§ TASK TO CARRY OUT:
Repeat every line from the line containing "Simple Graduation Sheet Cake" to the end of the data, exactly. Leave the pictures out.

§ EXTRACTED ENTRIES:
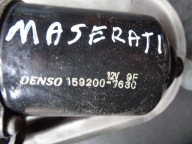 Wischergestänge ANG. MASERATI QUATTROPORTE V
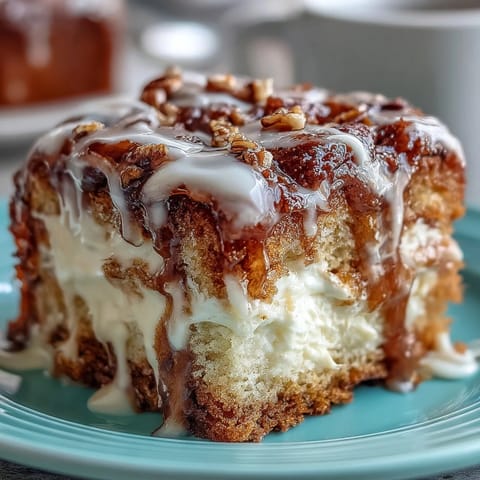 Simple Graduation Sheet Cake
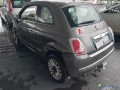 fiat-500-12-69-lounge-essence-small-1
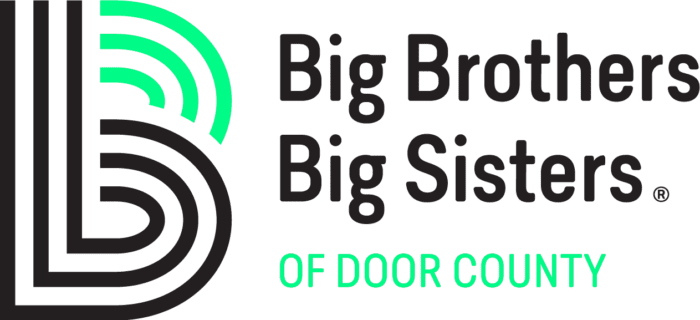 Big Brothers Big Sisters of Door County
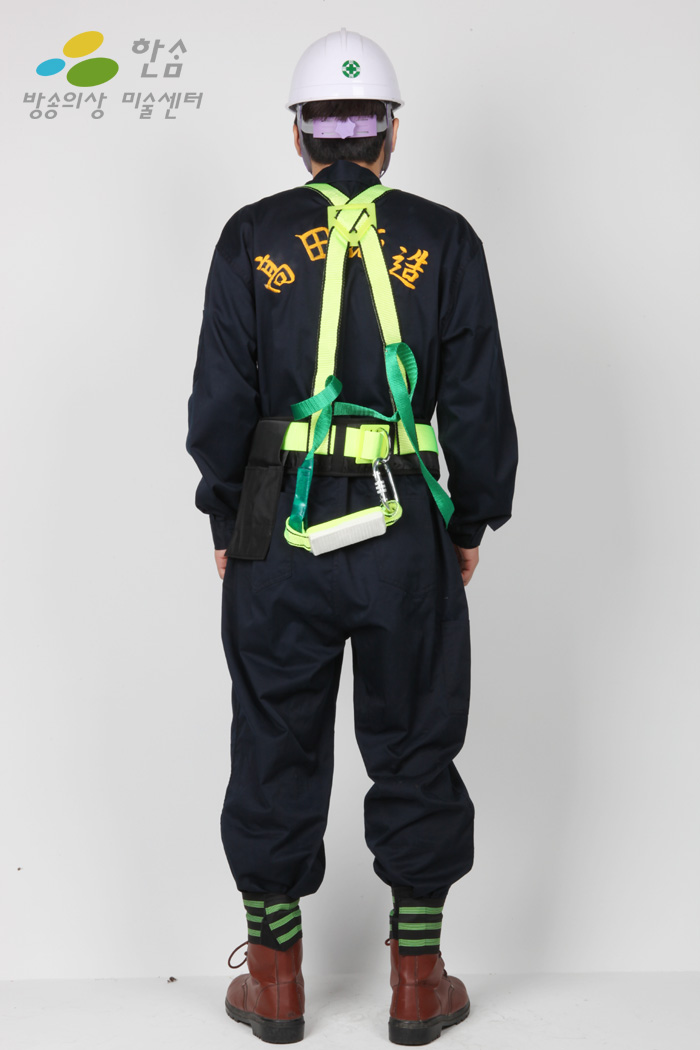 1672.정비공(건설업)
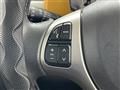 2017 Suzuki Hustler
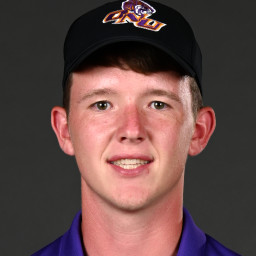 Austin Marcier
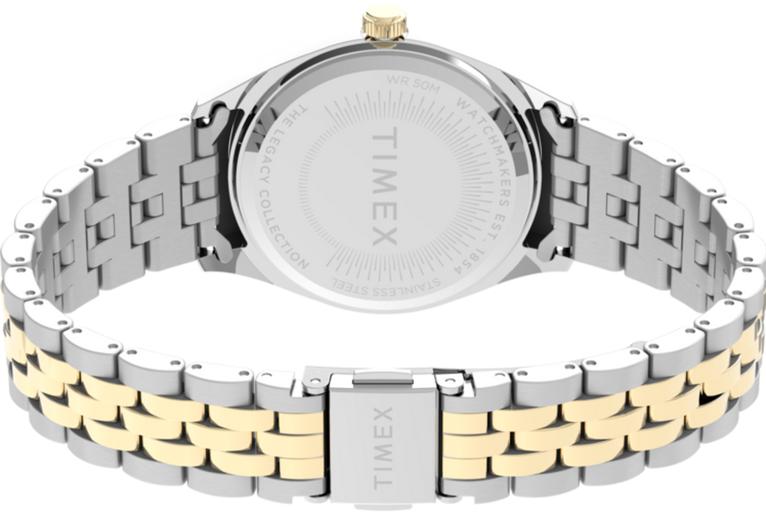 Наручные часы  Timex  Legacy  Timex TW2V61600 (фото 4)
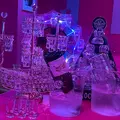 ミイ|小田原市 栄町のガールズバー|& Co.(アンドコー)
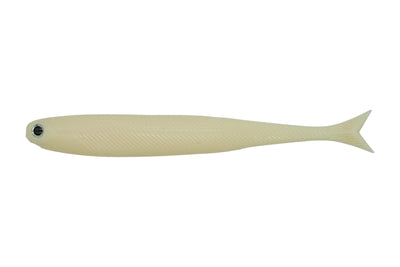 DSTYLE Virola 6" Bone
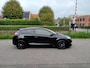 Renault Megane Coupé 2.0 T RS Renault Sport 250pk recent distri en koppeling verv. ALLINPRIJS
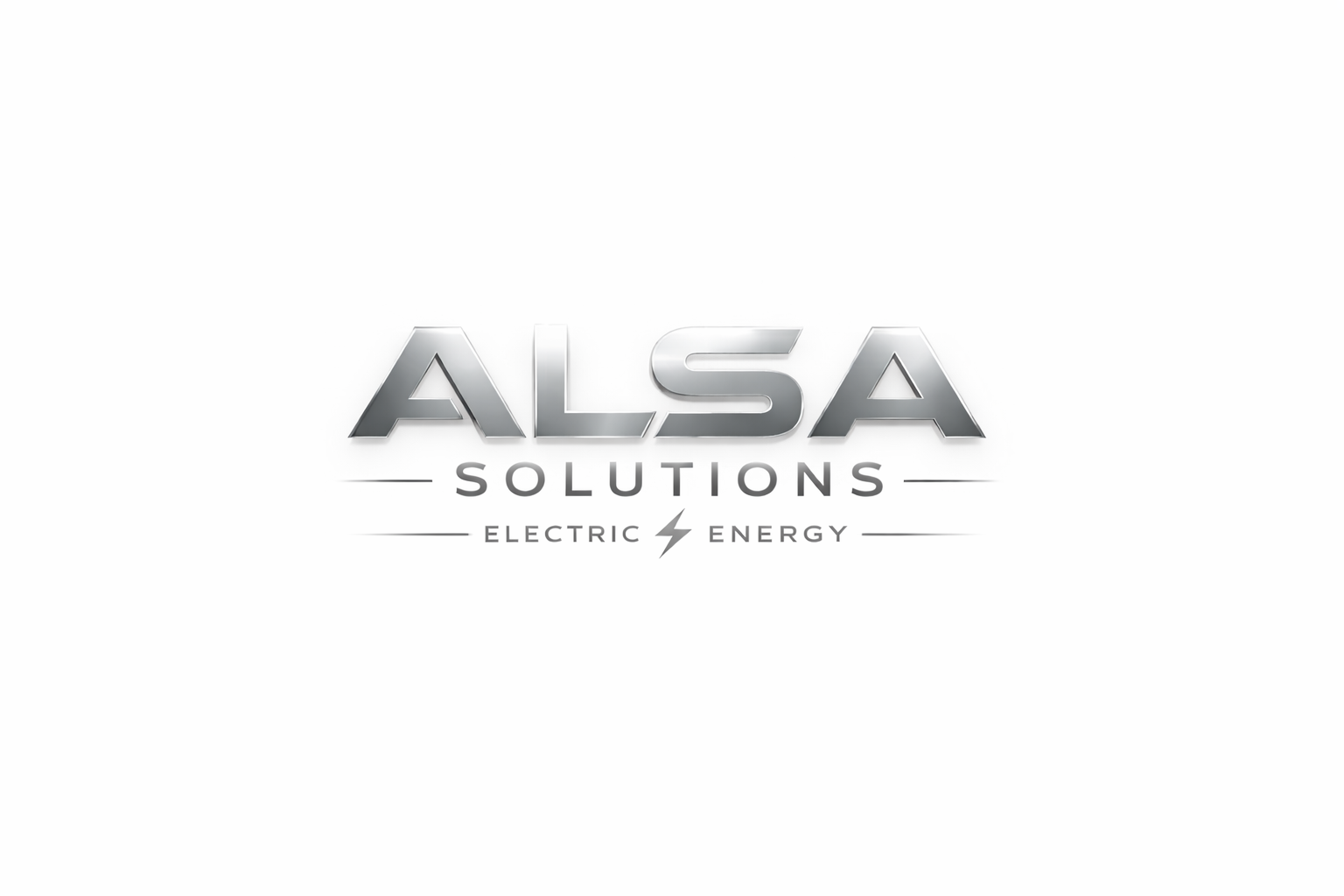 ALSA Solutions Logo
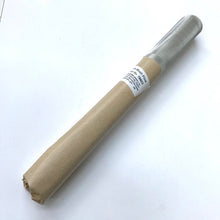 Load image into Gallery viewer, Aluminium Wire Mesh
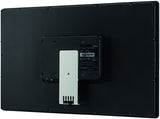 Monitor Iiyama 60.5cm (23,8") Tf2415mc-B2  16:9   M-Touch Hd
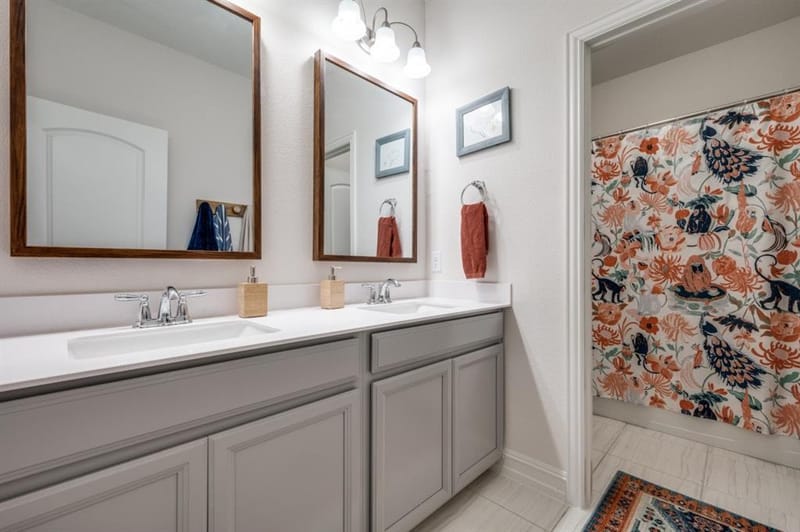3825 Jan Camille Court, Celina TX 75009 - Photo 23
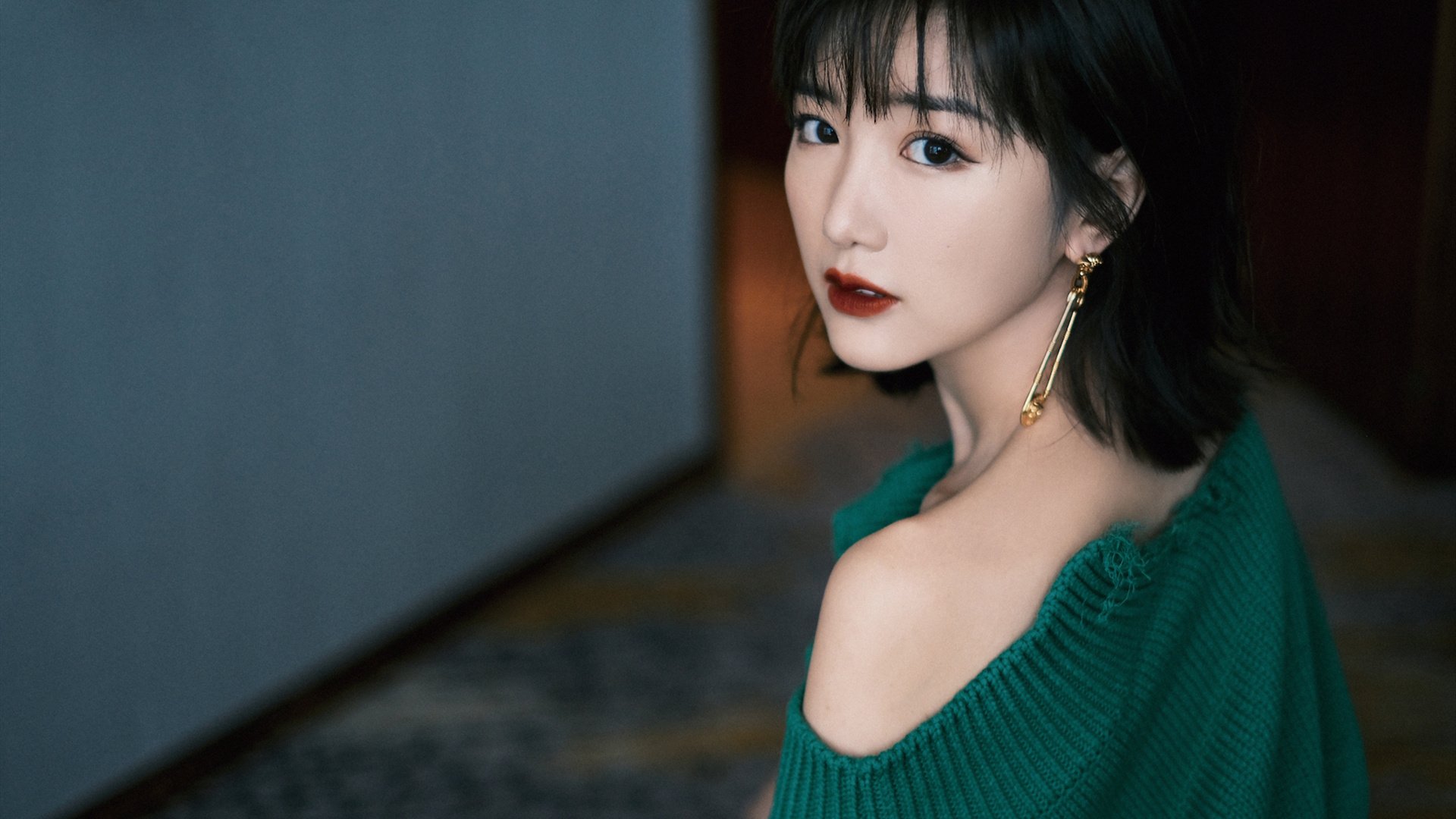 _世界水球锦标赛:激烈角逐展现团队合作_,世界水球最新排名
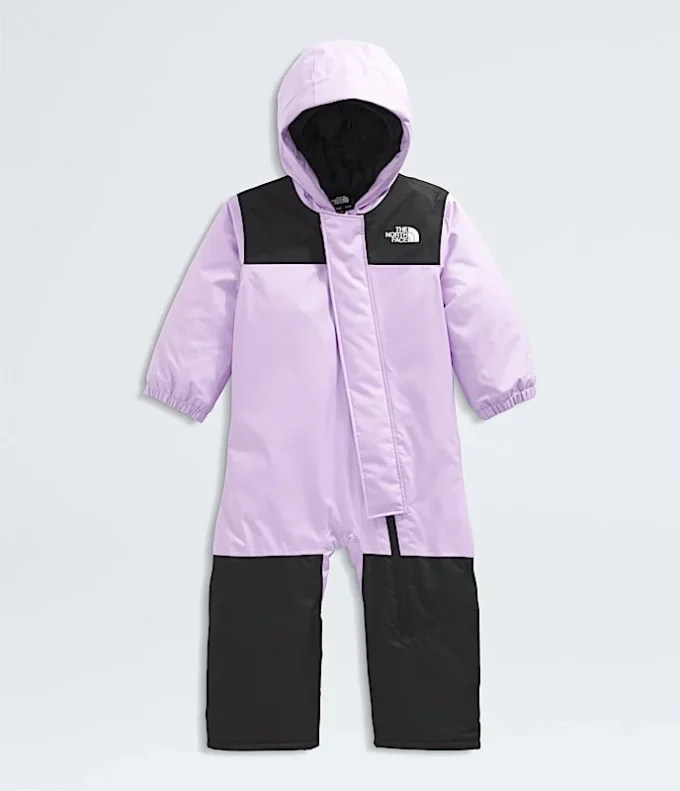 Baby Freedom Snow Suit Baby Freedom Snow Suit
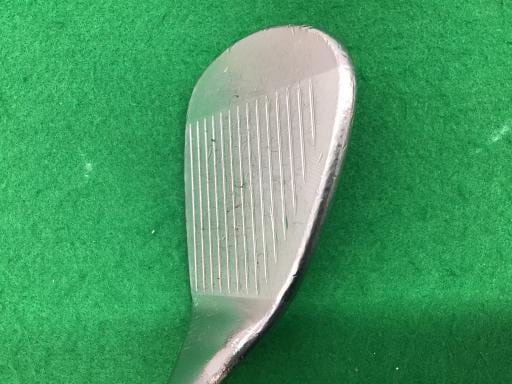 unjdx@rohm@lhkkdc@b|b@TQ°^OW°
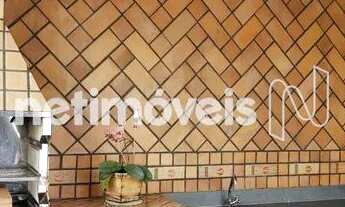 Imagem 7: Venda Cobertura Padre Eustáquio Belo Horizonte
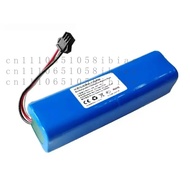 New For SUN-INTE-181 14.4v 5000mAh 72Wh Li-ion battery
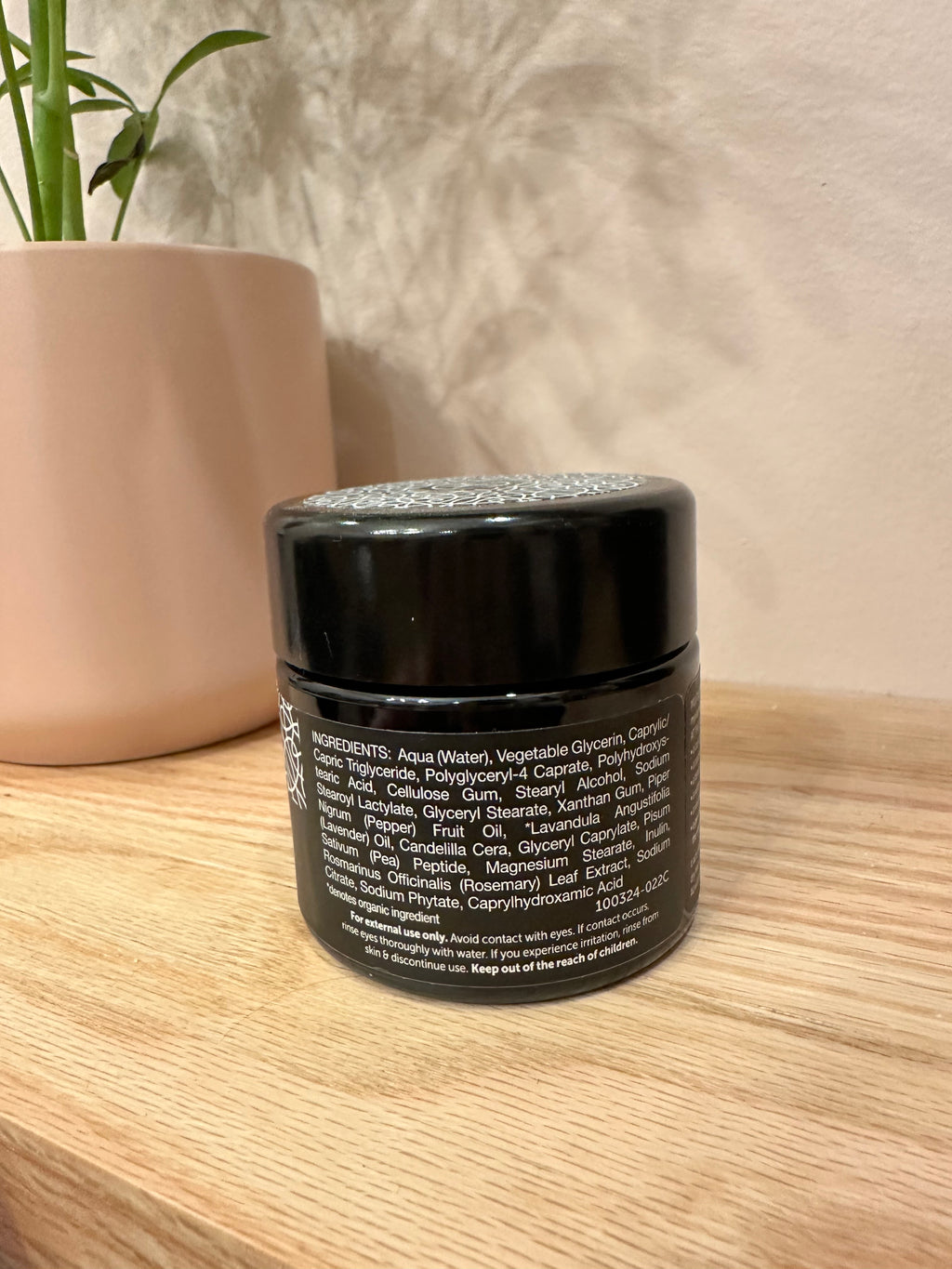 CULT&KING MULTIVERSE | One Styling Product for Infinite Hair Realities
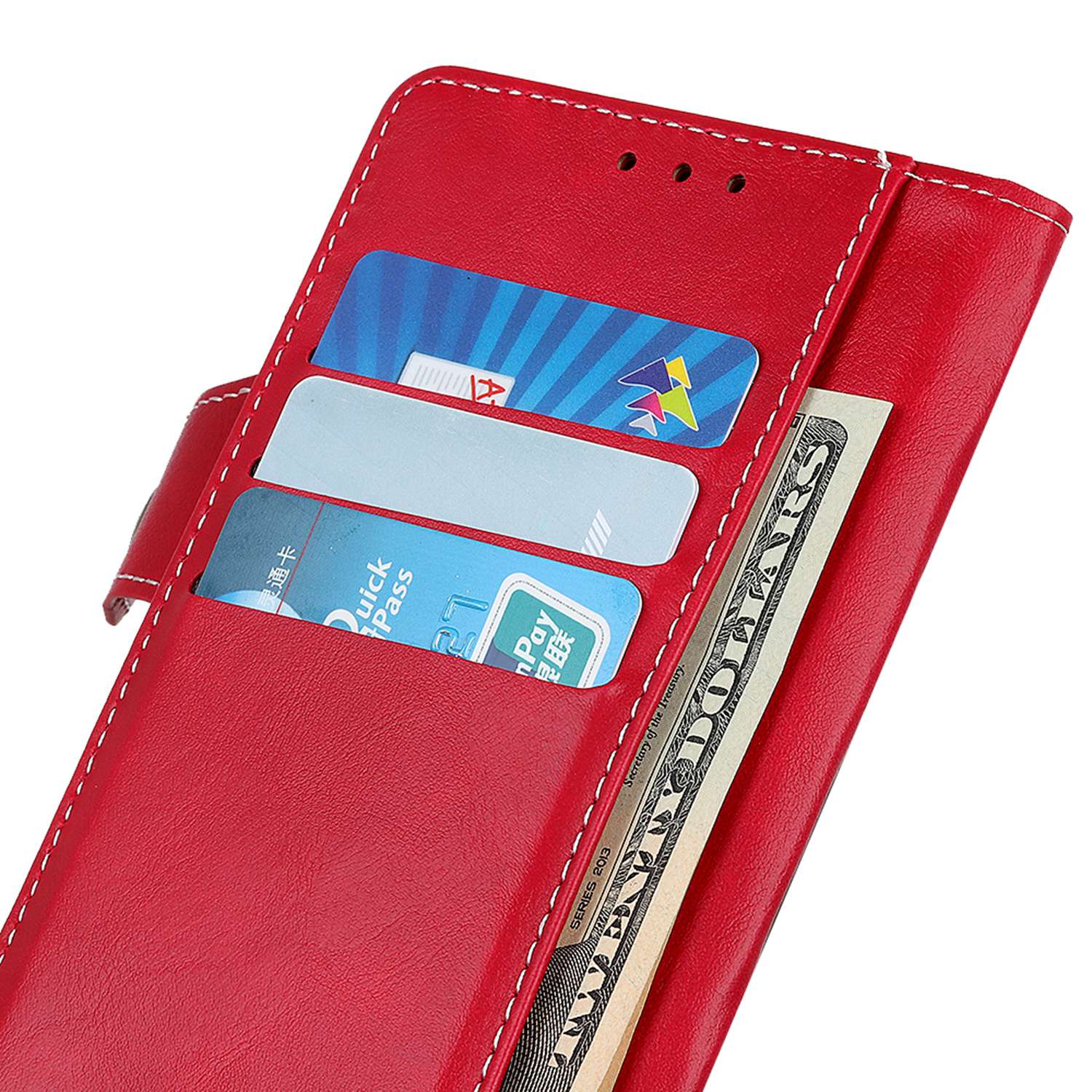 For OnePlus 11 5G S-shaped Texture Phone Case Stand Wallet Protective Cell Phone Flip Cover For OnePlus 11 5G S-shaped Texture Phone Case Stand Wallet Protective Cell Phone Flip Cover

§ ANSWER FOR THIS EXERCISE:
 Simple Graduation Sheet Cake
 fiat-500-12-69-lounge-essence-small-1
 Big Brothers Big Sisters of Door County
 1672.정비공(건설업)
 2017 Suzuki Hustler
 Austin Marcier
 Наручные часы  Timex  Legacy  Timex TW2V61600 (фото 4)
 ミイ|小田原市 栄町のガールズバー|& Co.(アンドコー)
 DSTYLE Virola 6" Bone
 Renault Megane Coupé 2.0 T RS Renault Sport 250pk recent distri en koppeling verv. ALLINPRIJS
 ALSA Solutions Logo
 Load image into Gallery viewer, Aluminium Wire Mesh
 Monitor Iiyama 60.5cm (23,8") Tf2415mc-B2  16:9   M-Touch Hd
3825 Jan Camille Court, Celina TX 75009 - Photo 23
 _世界水球锦标赛:激烈角逐展现团队合作_,世界水球最新排名
 Baby Freedom Snow Suit Baby Freedom Snow Suit
 unjdx@rohm@lhkkdc@b|b@TQ°^OW°
 Imagem 7: Venda Cobertura Padre Eustáquio Belo Horizonte
 New For SUN-INTE-181 14.4v 5000mAh 72Wh Li-ion battery
 CULT&KING MULTIVERSE | One Styling Product for Infinite Hair Realities
 For OnePlus 11 5G S-shaped Texture Phone Case Stand Wallet Protective Cell Phone Flip Cover For OnePlus 11 5G S-shaped Texture Phone Case Stand Wallet Protective Cell Phone Flip Cover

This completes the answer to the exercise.